During an interview with Fox Business, Paul told host Neil Cavuto that he disagreed with Republicans who have called for the enemy combatant designation for Tsarnaev.
“I think we can still preserve the Bill of Rights,” Paul said. “I see no reason why our Constitution is not strong enough to convict this young man, with a jury trial, with the Bill of Rights. We do it to horrible people all the time. Rapists and murderers, they get lawyers, they get trials with juries ,and we seem to do a pretty good job of justice, so I think we can do it through our court system.”
It’s a low bar for civil liberties, but at least he met it. It’s more than we can say for a whole lot of other people. (Well, today, anyway. Yesterday, there was this.)
Update: Also too, this today:
“If there is a killer on the loose in a neighborhood, I’m not against drones being used to search them,” he said on the Fox Business Channel…
“Here’s the distinction, I have never argued against any technology being used against having an imminent threat an act of crime going on,” Paul said. “If someone comes out of a liquor store with a weapon and fifty dollars in cash I don’t care if a Drone kills him or a policeman kills him, but it’s different if they want to come fly over your hot tube, or your yard just because they want to do surveillance on everyone, and they want to watch your activities.”
Uhm, really? I think he’s a little bit confused. I get that he’s making the point that there’s little distinction between drones and guns as weapons. But from a civil liberties perspective it’s unwise not to be very clear that we aren’t supposed to just gun down robbers on sight in this country, at least not one’s who aren’t presenting an obvious threat to a police officer or someone else.
And coming from a 2nd Amendment absolutist it’s especially odd. After all, what if it’s just an average citizen exercising his constitutional right to openly carry a gun in a 7-11 and he happens to have fifty dollars in cash? It’s ok to hit him with a hellfire missile first and ask questions later?
I appreciate Paul’s concerns for our personal privacy, I really do.
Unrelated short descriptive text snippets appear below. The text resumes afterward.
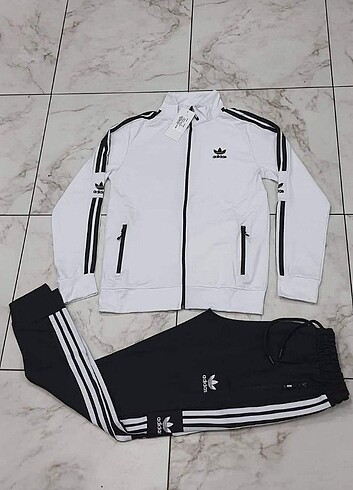 Adidas eşofman takımı 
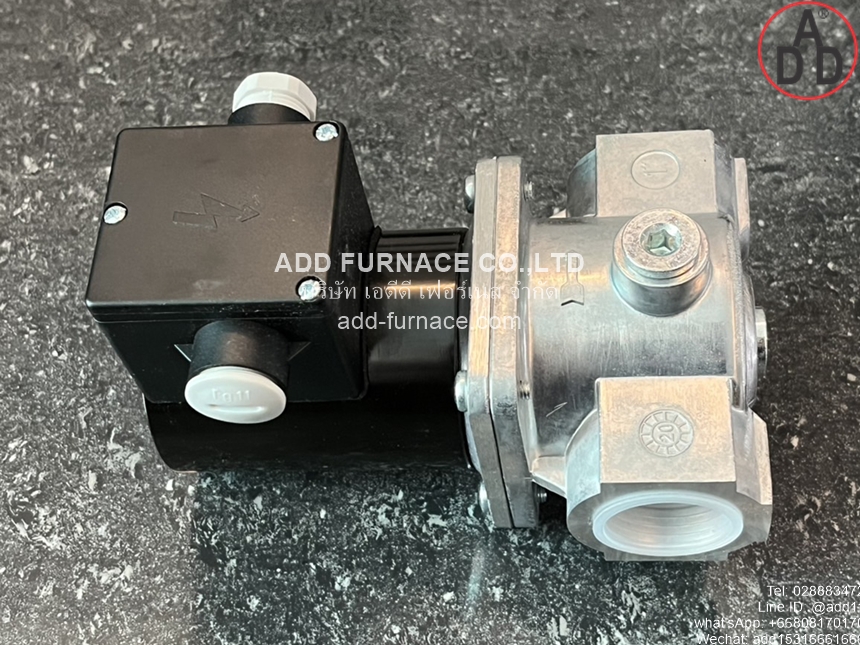 Honeywell VE4025A1210 (8)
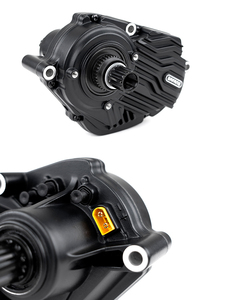 Kit de moteur central Bafang M560 pour VTT, accélérateur modifié, accessoires de capteur pour cyclomoteur électrique - Product Image 4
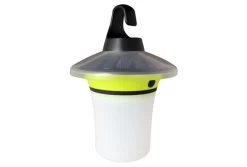 Outdoor Revolution Lumi-Solar Lantern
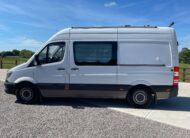 2014 Mercedes-Benz Sprinter 313 CDi MWB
I believe that drones used for surveillance is a bad idea as well (and I really don’t think our decent public servants need to be subjected to seeing me in a hot tub.) But civil libertarians don’t usually (even tacitly) endorse the idea of shooting down suspected robbers on the spot. On the other hand, Paul is into forced childbirth as well, so he’s already something of a cafeteria civil libertarian.